Scandal, Brooks & Brocks
Eadwig, The All Fair, Edwy King of England ruled these lands from 955 -959. He is buried in Winchester but on the night of his coronation feast he abandoned his banquet to cavort with the noble woman Æthelgifu and her daughter. The man who found the naughty King was none other than St Dunstan who was NOT amused. A right royal fist fight followed and the saint and the King were enemies from that day forth. Æthelgifu had St Dunstan removed from Glastonbury and thrown into exile. No wonder the king’s reign was short.
He liked women Eadwig, the all fair. He seems to be generous to them. In 956 he gave noble lady Æthelhild (of twenty hides), a grant of land. From Droxford (where they grow beans) to Scida Felda - the place that is criss-crossed by brooks, traversed by wooden planks.
Ærest of Drocenesforda to biene stede · of biene stedæ to scida felda · þanan utt to langan leagæ middæ wærdræ · þanon upp to þære stigælæ · þanaon utt to wulf pyttun · þanon utt on Meone.
I like to think that the postscript of this manuscript was ‘ What ever you do, Æthelhild, don’t tell St Dunstan.’ But who can now say.
What I can now say is that in the thousand years or so since the gift, not much has changed in the landscape of Scida Felda, now Shiddenfield. It is still a place where brooks run through fields and mark boundaries. A network of wooden planks allow people to cross them.
Last Sunday found me walking the more solitary paths that crossed farmland and threaded through woodlands. A thriving beehive stood on a field border. This made me hopeful that the crop was not regularly sprayed with pesticides. Part of the footpath became boundaried by trees, so it felt more like a sunken lane. High sandy banks were laced with tree roots and I came upon a badgers’ sett. The many entrances were broad and high. The sand about was meticulously clean. By one of the holes, a tree had been clearly used as a scratching post. The bark had been clawed away. I pondered for a while whether this was a fox hole or badger, but the number of entrances, the post and the cleanliness indicated that this was the home of old brock . I searched for footprints, I could find none. But what I did discover sadly, was a skeleton on the middle of the track. The skull lay a few feet away and I considered it carefully. Badgers will carry out their dead from the sett and I hoped this was the case for this animal. For it to have been to have been picked so clean meant that no one had walked this path for some months.

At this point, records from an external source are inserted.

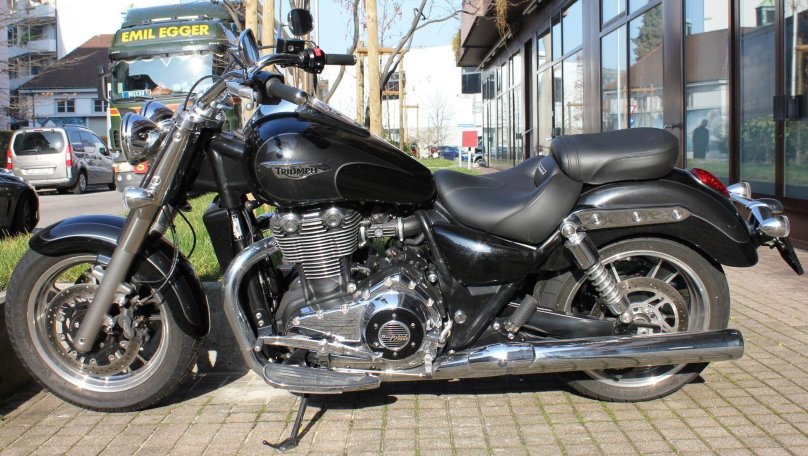 Triumph Thunderbird Storm 1700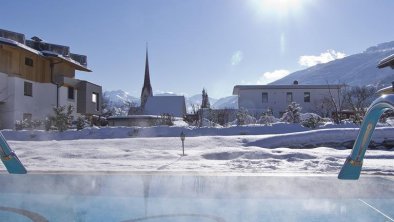 Pool mit Kirche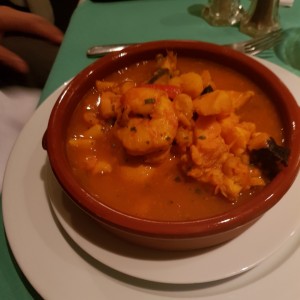 ESPECIALIDADES - CAZUELA DE MARISCOS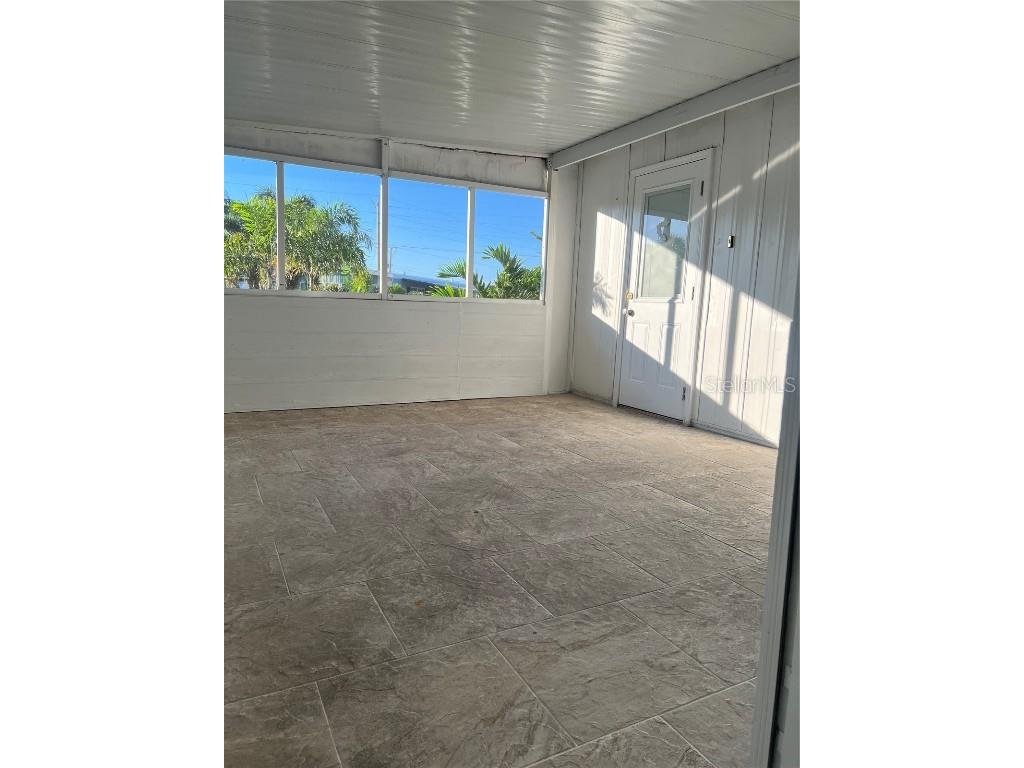 1616 Olympia Fields Street #5 Sarasota FL 34234 A4663325 image7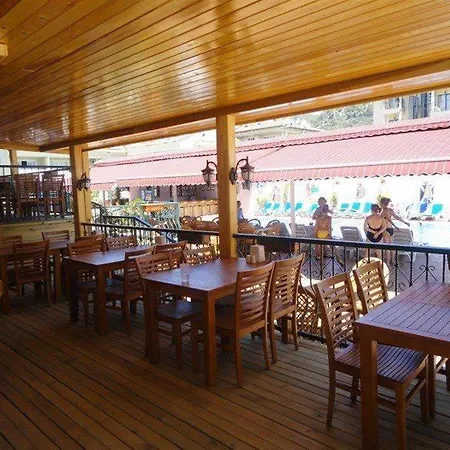 Hotel Club Chicago 2*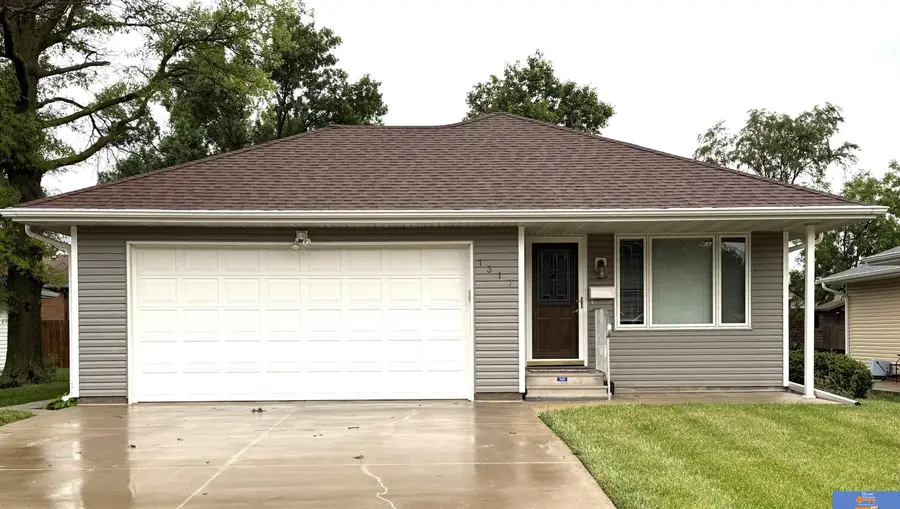 1317 Bell Street, Beatrice, NE 68310 - #3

Badgers are ancient creatures with strong links to English myth and legend. They are generally depicted as wise and kindly. They are known as Old Grey, reflecting their colour when glimpsed in low light. English writers from Kenneth Grahame to JK Rowling has given them gentle, powerful roles. Yet they have also been seen as bringing bad luck, injury and death to cattle. This is still seen today as badgers are blamed for increase of TB in dairy cows. The UK government is actively culling the badger numbers in some parts of England. A simplistic answer to a complex problem I suspect. Yet we get the term ‘to badger,’ from the hideous sport of baiting that illegally continues to this day.’ The dogs are described as ‘badgering’ their prey.
Mulling over the discovery of the badger sett I set out for home. Without thinking my feet took me to an enchanted part of Badger Wood. I love this area and delighted to see the promising growth of bluebell leaves , leaping up to take advantage of the sunlight that pours down. I walk over a plank bridge and look for the beech tree that is covered with symbols. For a moment, I think it has moved, but - my memory has played tricks on me and it is nearer to the stream than I remembered.
The bluebells wait to flower, the beech to leaf, the badger in her sett waits to give birth to her cubs. Spring is coming.